■ WORK TO COMPLETE
Produce a word-for-word copy of the listing below without its pictures.

■ GIVEN MATERIAL
···
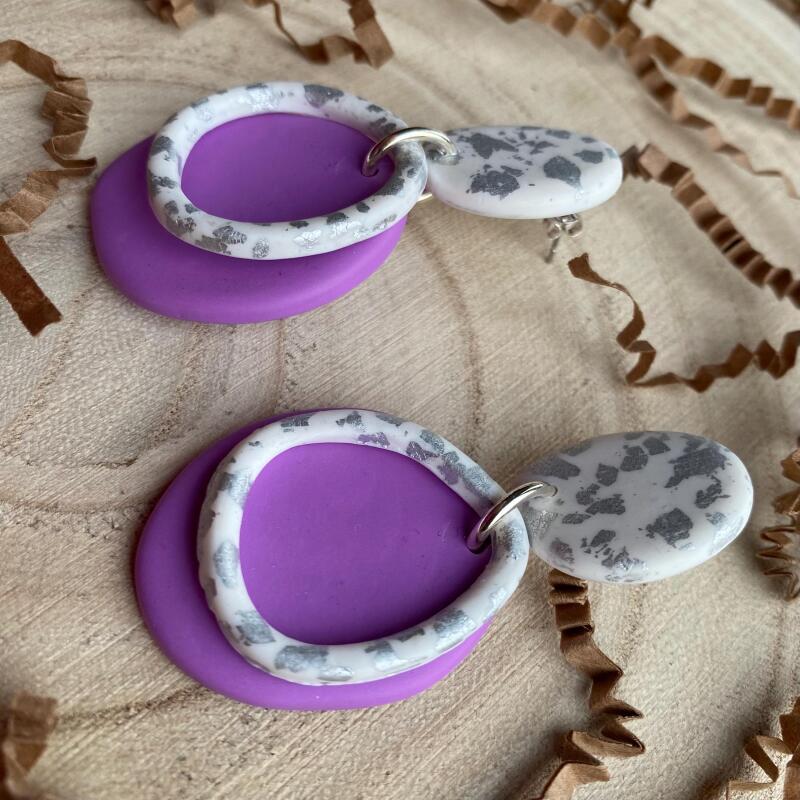 Handmade Lilac Clay Earrings: Silver Leaf Organic Circle Statement Earrings
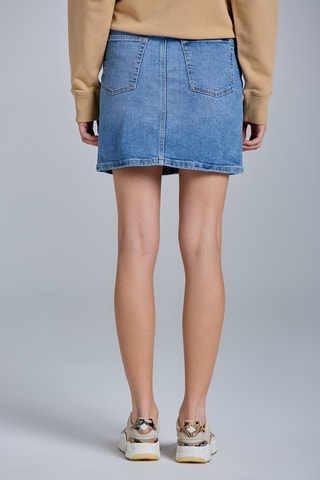 Jupe droite en jean taille haute - Bleu
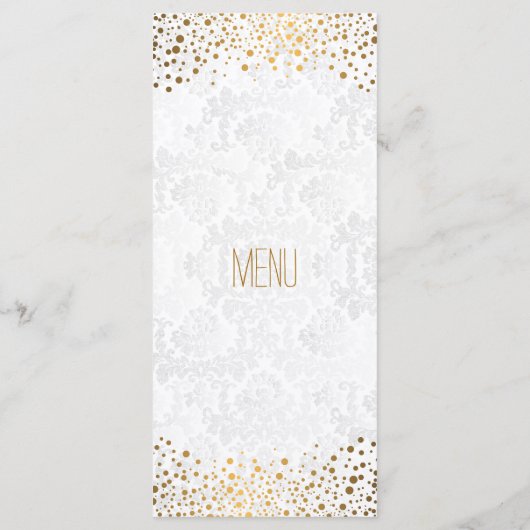 Trouwdag Trendy Gouden Stippen - Menu (Achterkant)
···
■ FINISHED TASK
 Handmade Lilac Clay Earrings: Silver Leaf Organic Circle Statement Earrings
 Jupe droite en jean taille haute - Bleu
 Trouwdag Trendy Gouden Stippen - Menu (Achterkant)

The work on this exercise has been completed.